O rancor é um modo de preservar uma lembrança, de perpetuar a dor. Pelo rancor não é a ferida a que doe mas a lembrança, que se faz ferida. Ter rancor é possuir uma cicatriz cujo autor não é quem nos produziu o dano, mas nós mesmos; é o rancor da vítima o que mantem quente a intenção do agressor, e lhe dá um poder do qual carece por si mesmo. O rancor é a cooperação livre e eficiente da vítima com os desejos do agressor; faz-se dano a si mesmo para manter e justificar o desejo de vingança. Um hábito do coração que é mutilação, uma velhice prematura.
O perdão é a restauração do domínio de si da vítima, uma restauração da soberania do eu . Perdoar o agressor é colocar-se a salvo do poder alheio maléfico, limitar sua pretensão de se perpetuar na nossa alma. O perdão é uma lembrança do acontecido: recorda-se o que aconteceu mas como se não tivesse acontecido. O perdão nos coloca mais a salvo de nós mesmos do que dos outros. Perdoar, per-donnare, dar em abundancia , dar mais da conta…..
E, naturalmente, a admiração e o conhecimento. A inclinação a conhecer (admiração) é nosso modo de estar no mundo. A capacidade para o assombro é a que permite a admiração. Filósofo é quem sabe olhar o mundo de modo que o obvio deixa de sê-lo, ou melhor, sem deixar de sê-lo, torna-se interessante. (destaque por nossa conta!) A modéstia transforma o saber em sabedoria. É autoconsciência da finitude humana, e do seu conhecimento. Quando há admiração e modéstia, o saber e a ignorância não se anulam entre si, pois a consciência da ignorância faz crescer o conhecimento. Mas quando a regra é a dúvida, (como Descartes) o conhecimento e ignorância se excluem, não convivem porque se busca a segurança da evidência. Aqui entra todo o fascinante tema da incerteza, de como conviver com ela sem perder a classe, de como funcionar na vida sem ansiedades de falsas seguranças. A reflexão sobre isto também dá pano para manga.

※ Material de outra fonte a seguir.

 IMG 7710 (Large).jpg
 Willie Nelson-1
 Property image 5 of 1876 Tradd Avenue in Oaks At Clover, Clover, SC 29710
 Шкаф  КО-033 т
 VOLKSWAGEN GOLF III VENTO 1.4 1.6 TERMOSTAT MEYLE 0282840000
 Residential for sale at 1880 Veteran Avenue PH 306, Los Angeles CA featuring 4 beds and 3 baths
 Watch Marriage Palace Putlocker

Lembra-nos o autor que na Ética a Nicómaco, Aristóteles lembra que uma vida virtuosa, esforçada e meritória não é necessariamente uma vida feliz, pois precisa da amizade para estar a salvo dos desastres da existência. Um belo epílogo para estes hábitos do coração que requerem a convivência com os semelhantes. Para isso é preciso uma ingenuidade sadia, ter capacidade de sonhar e alimentar a esperança. Uma última anotação a modo de fechamento desta aventura antropológica.

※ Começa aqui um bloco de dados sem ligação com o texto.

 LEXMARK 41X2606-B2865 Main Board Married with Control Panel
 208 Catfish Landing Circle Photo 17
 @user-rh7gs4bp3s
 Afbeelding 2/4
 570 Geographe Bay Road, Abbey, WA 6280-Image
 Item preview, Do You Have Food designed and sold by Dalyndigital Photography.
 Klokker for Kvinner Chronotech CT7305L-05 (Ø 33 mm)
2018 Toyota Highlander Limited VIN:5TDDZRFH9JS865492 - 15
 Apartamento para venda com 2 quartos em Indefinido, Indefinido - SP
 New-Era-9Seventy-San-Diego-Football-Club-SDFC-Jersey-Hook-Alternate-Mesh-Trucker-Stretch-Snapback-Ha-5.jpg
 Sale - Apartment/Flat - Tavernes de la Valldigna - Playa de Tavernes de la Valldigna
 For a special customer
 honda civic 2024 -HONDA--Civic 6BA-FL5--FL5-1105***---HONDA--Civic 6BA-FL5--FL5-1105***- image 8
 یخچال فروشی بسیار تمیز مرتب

“O diabo menospreza a liberdade do homem porque não espera nada bom. Não é por ignorância mas por conhecer tudo (aquilo de…. este filme eu já vi). O diabo é conservador, em palavras de Claudio Magris, porque não acredita no futuro nem na esperança; cínico e conservador, não acredita que a humanidade pode se regenerar, e aceita todos os males como inevitáveis. A desesperação é um erro moral e intelectual, que dá o destino humano como sabido. Um erro com sabor diabólico”. E como antídoto do erro diabólico e conservador, a cordura saturada de esperança: “A cordura do humanamente possível requer a serena paciência de quem não dá tudo por perdido, e espera o melhor A esperança é o hábito do coração que nos permite habitar o mundo desde os sonhos dos ideais, sem estar adormecidos; desde os encantamentos das fábulas infantis sem criancices, da paixão pelo bem e a felicidade do humano, sem estar ofuscado. A esperança nos permite habitar o mundo desde fora do mundo e incorpora a temporalidade finita da nossa presença nele, e a terna inclinação ao seu favor. A esperança define o homem”
Comments 2
Pablo adorei as considerações q vc produziu. Faz um exercício p o pensamento hospitaleiro.
Meu otimismo ficou mais desperto depois de ler esse texto.